• RECORD SET:
________________________________________

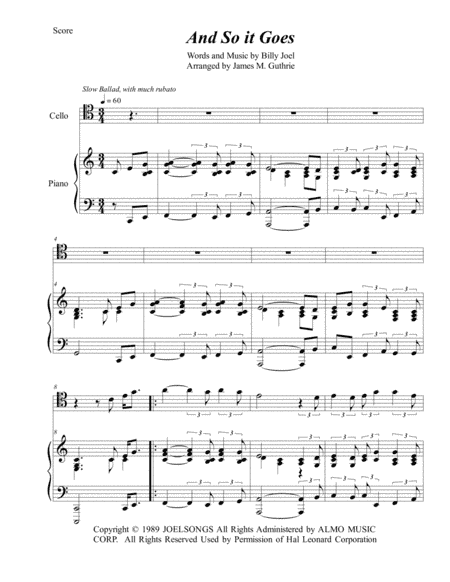 And So It Goes (arr. James M. Guthrie, ASCAP)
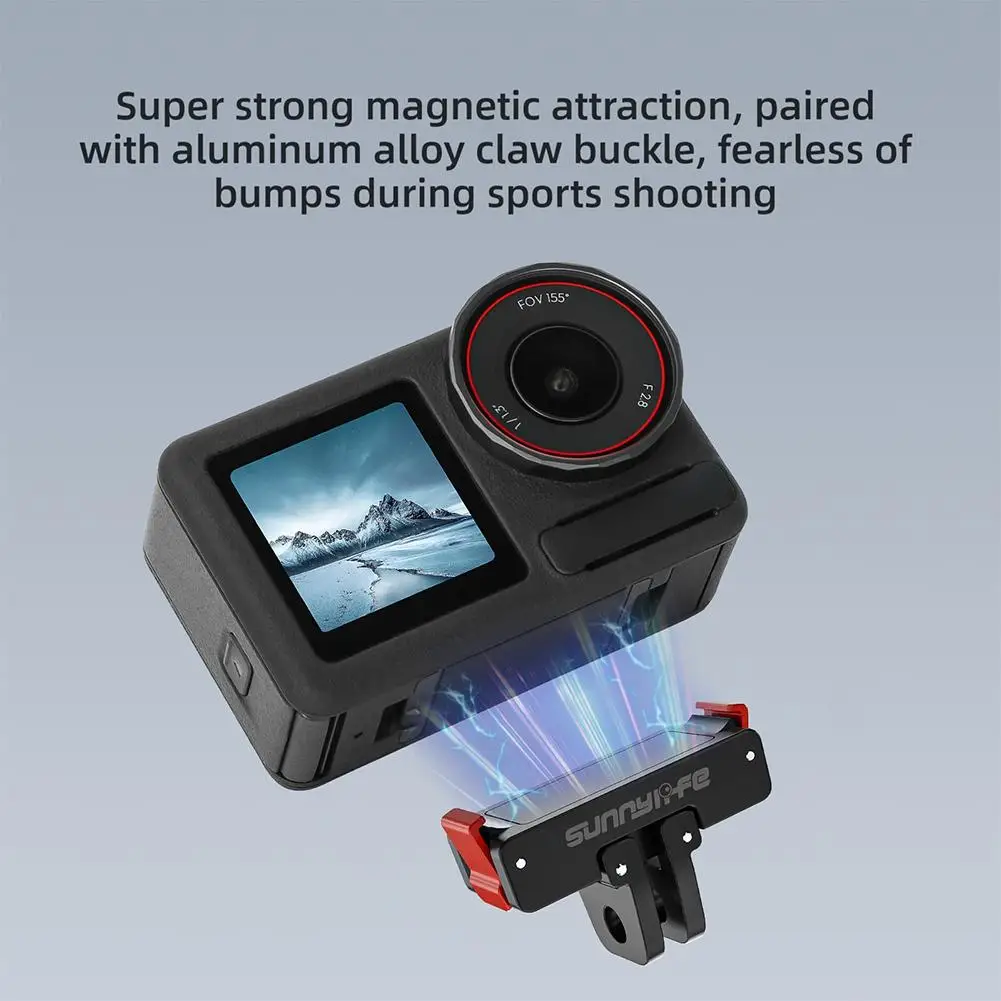 Magnetic Quick Release Adapter Base For DJI Osmo Action 5 Pro Stable Installation Foldable Quick-release Two Claw Mount Adapter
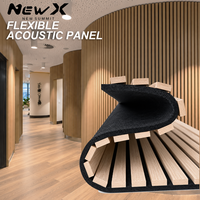 Panneau mural en bois courbé, panneau acoustique flexible, insonorisation pour villa, salle de réunion, hôtel, mur intérieur, plafond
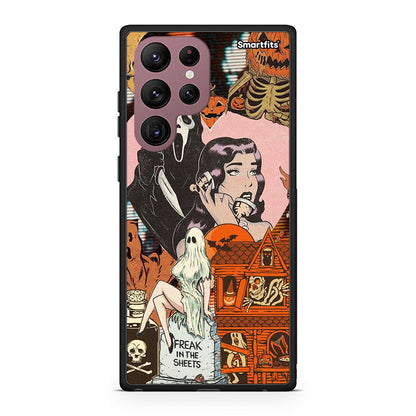 Samsung S22 Ultra Halloween Collage Θήκη από τη Smartfits με σχέδιο στο πίσω μέρος και μαύρο περίβλημα | Smartphone case with colorful back and black bezels by Smartfits
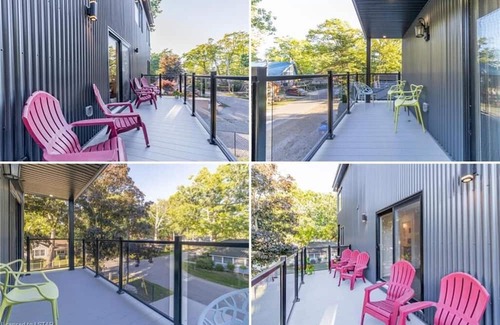 Grand Bend Ski Chalet | Beachfront rooftop patio, hot tub, sleeps 14, 2 BBQ, private new house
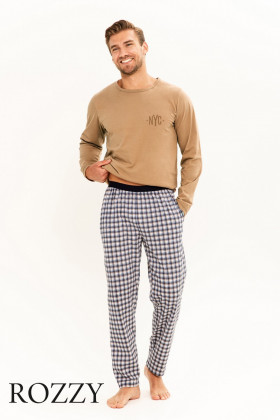 Пижама мужская Taro Rob 3298 бежевый/серый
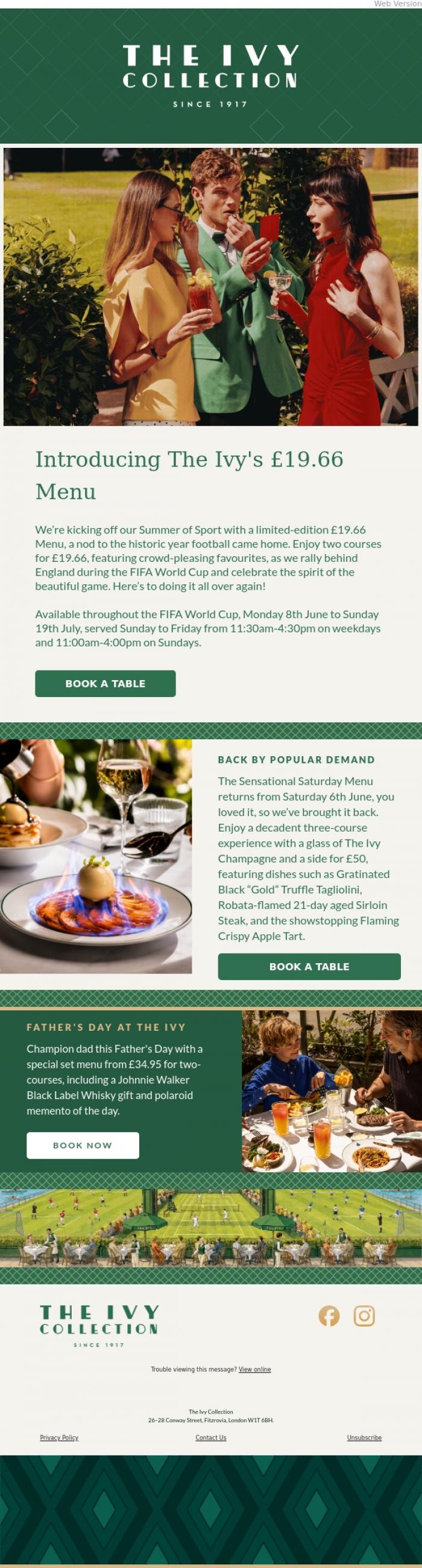 Email Design Inspiration from The Ivy Soho Brasserie, Introducing A Summer of Sport at The Ivy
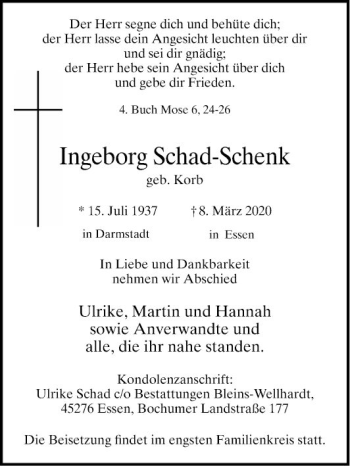 Traueranzeige von Ingeborg Schad-Schenk von Bergsträßer Anzeiger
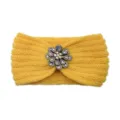 Yellow knitted headband featuring an iridescent rhinestone flower brooch for winter warmth. - Yellow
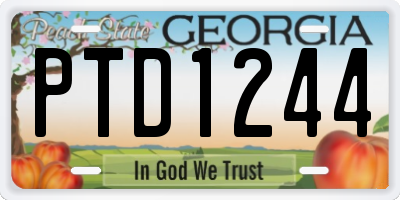 GA license plate PTD1244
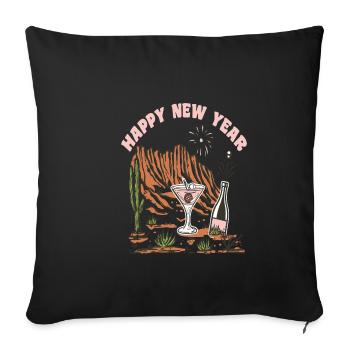 Happy New Year New Year's Eve New Year Christmas - Sofa pillowcase 17,3'' x 17,3'' (45 x 45 cm) - black - Front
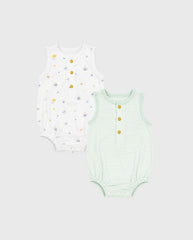 Set 2 Bodys Cangrejos Verde Zippy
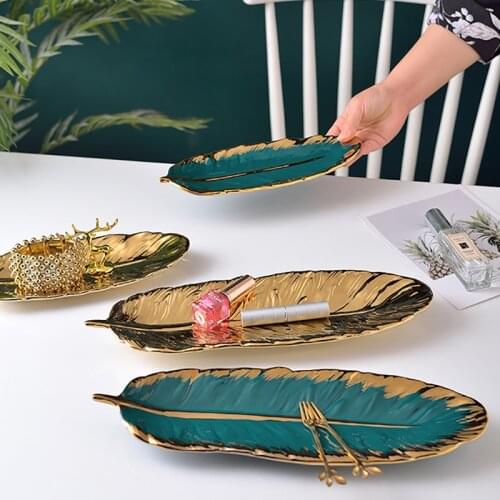 Feather Golden Dinner Ceramic Snack Dessert Plate, Creative Exquisite Cake Plate,Family Feather Storage tray Plate
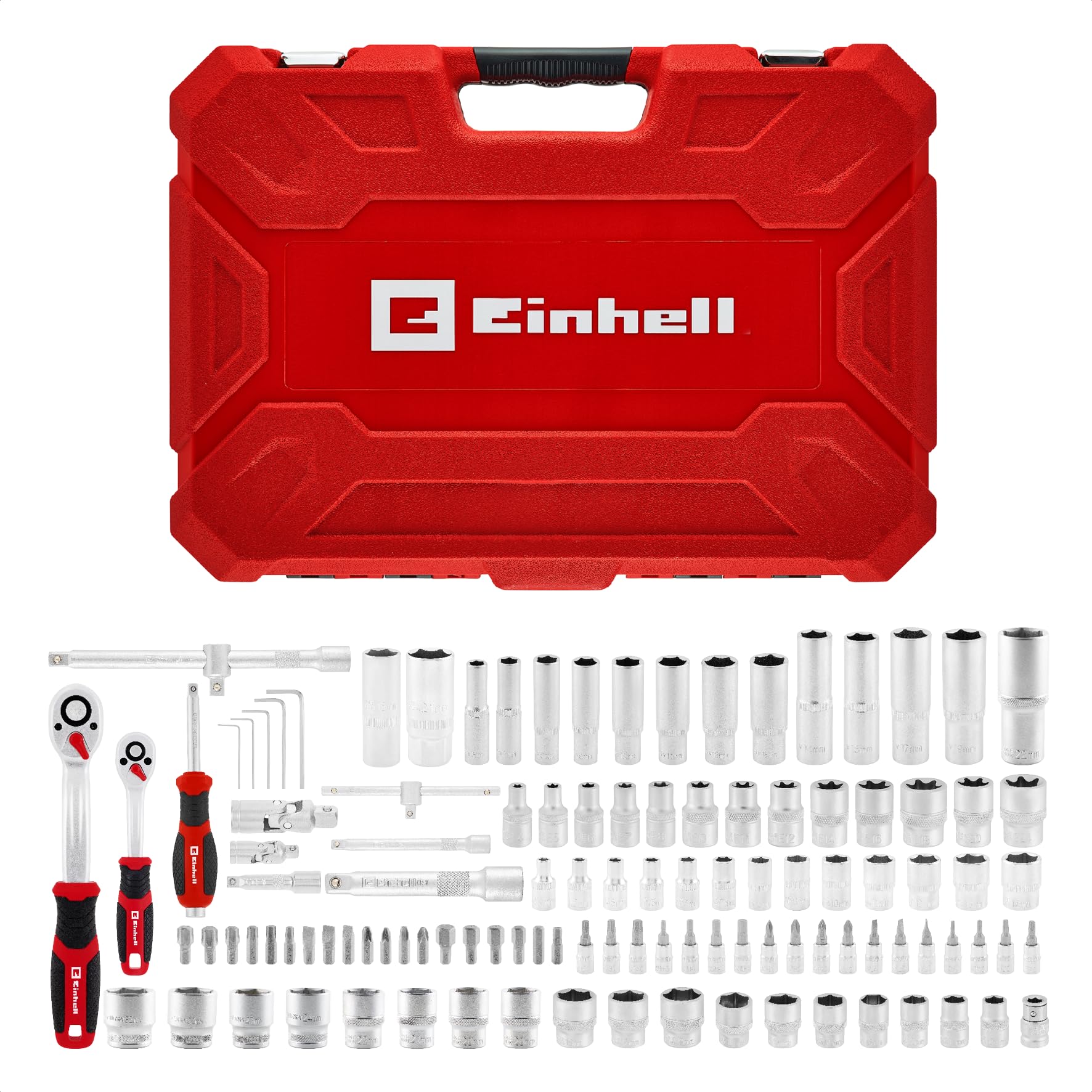 Einhell 110 pezzi set di bussole e cricchetto | Set di bussole | cricchetti | assortimento di inserti | impugnatura per cacciavite | chiavi esagonali | valigetta inclusa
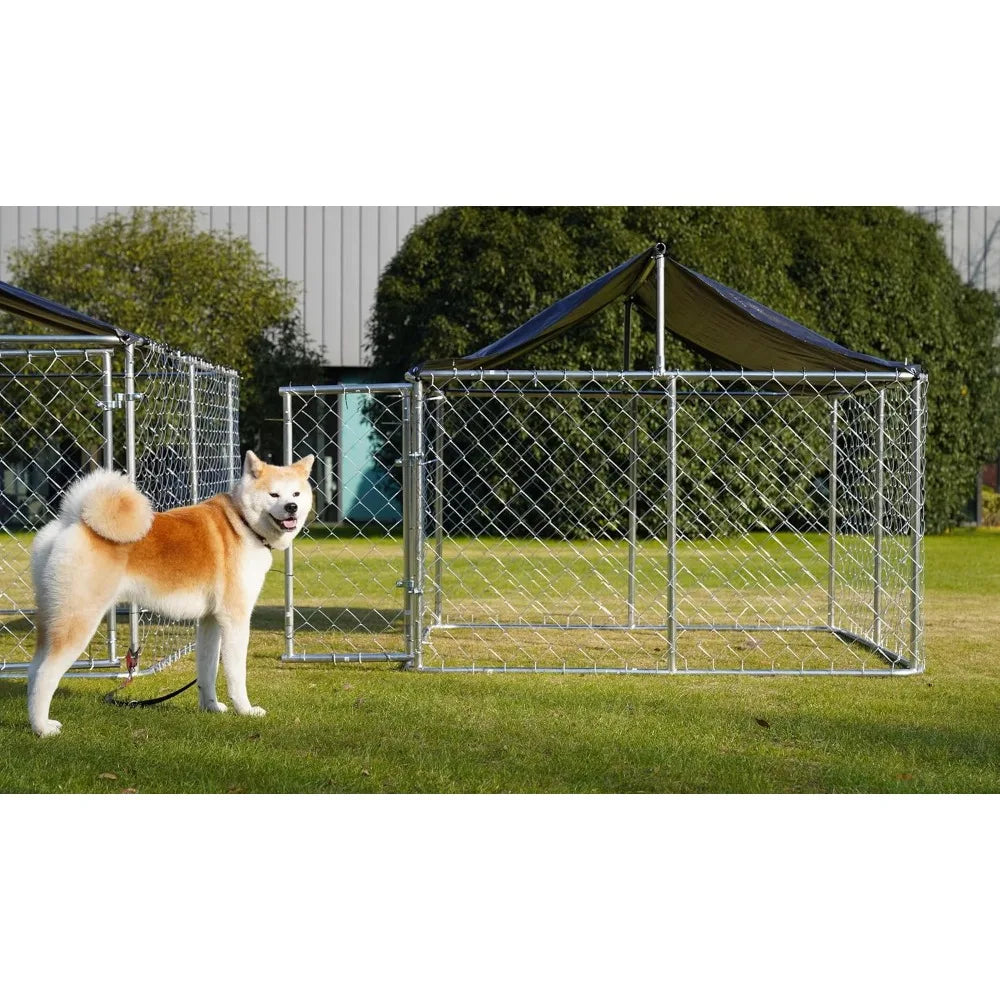 Large Outdoor Dog Cage, Heavy Duty Dog Kennel House Mesh, Big Enclosure Pet Kennel Steel Fence with Secure Lock，Customized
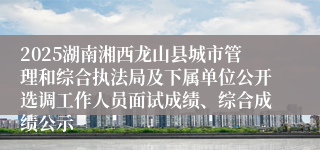 2025湖南湘西龙山县城市管理和综合执法局及下属单位公开选调工作人员面试成绩、综合成绩公示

________________________________________

• EXERCISE GOAL:
Output a verbatim copy of the entries and skip the pictures.

• SOLUTION TO THIS TASK:
 And So It Goes (arr. James M. Guthrie, ASCAP)
 Magnetic Quick Release Adapter Base For DJI Osmo Action 5 Pro Stable Installation Foldable Quick-release Two Claw Mount Adapter
 Panneau mural en bois courbé, panneau acoustique flexible, insonorisation pour villa, salle de réunion, hôtel, mur intérieur, plafond
 Samsung S22 Ultra Halloween Collage Θήκη από τη Smartfits με σχέδιο στο πίσω μέρος και μαύρο περίβλημα | Smartphone case with colorful back and black bezels by Smartfits
 Grand Bend Ski Chalet | Beachfront rooftop patio, hot tub, sleeps 14, 2 BBQ, private new house
 Пижама мужская Taro Rob 3298 бежевый/серый
 Email Design Inspiration from The Ivy Soho Brasserie, Introducing A Summer of Sport at The Ivy
 Traueranzeige von Ingeborg Schad-Schenk von Bergsträßer Anzeiger
 Yellow knitted headband featuring an iridescent rhinestone flower brooch for winter warmth. - Yellow
 GA license plate PTD1244
 Happy New Year New Year's Eve New Year Christmas - Sofa pillowcase 17,3'' x 17,3'' (45 x 45 cm) - black - Front
 Set 2 Bodys Cangrejos Verde Zippy
 Feather Golden Dinner Ceramic Snack Dessert Plate, Creative Exquisite Cake Plate,Family Feather Storage tray Plate
 Einhell 110 pezzi set di bussole e cricchetto | Set di bussole | cricchetti | assortimento di inserti | impugnatura per cacciavite | chiavi esagonali | valigetta inclusa
 Large Outdoor Dog Cage, Heavy Duty Dog Kennel House Mesh, Big Enclosure Pet Kennel Steel Fence with Secure Lock，Customized
 2025湖南湘西龙山县城市管理和综合执法局及下属单位公开选调工作人员面试成绩、综合成绩公示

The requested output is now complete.